Bill, I’ll try reducing the speed range by moving the belt this evening and report back. The belt setting for the events described in this post so far has been the second highest speed setting (second largest pulley on the motor).
RJ, the lathe is very securely mounted. The lathe runs fine until I apply force to the piece with a gouge. The problem is worse when I cut at the edge of the piece, or if the blank is out of balance.

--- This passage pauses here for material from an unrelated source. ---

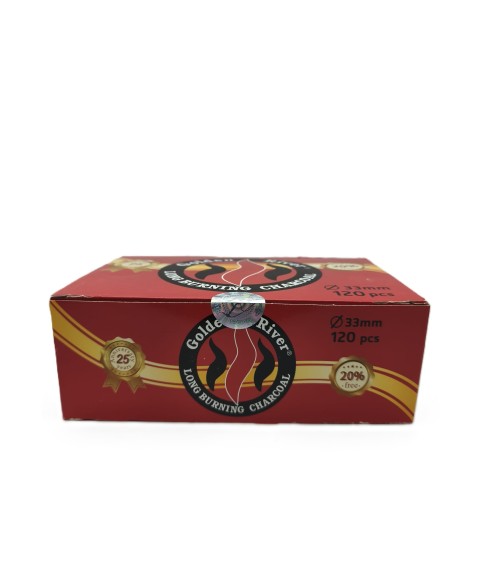 GOLDEN RIVER 33MM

Well, shoot me dead. If I can believe the dismal online owners manual for the lathe the illustrated part breakdown indicates that there are six steps on the cone pulley. I am not the least bit surprised that you are encountering speed regulation problems by running in the next to highest speed range. When you do that, for normal speed turning you will be operating the motor at the lowest voltages, which in turn means that it will be primarily regulating torque and forcing speed to take a back seat. You need to reverse this situation and make speed regulation the primary concern. The way to accomplish this is to move the belt to the the lowest speed range as I indicated in two of my previous posts.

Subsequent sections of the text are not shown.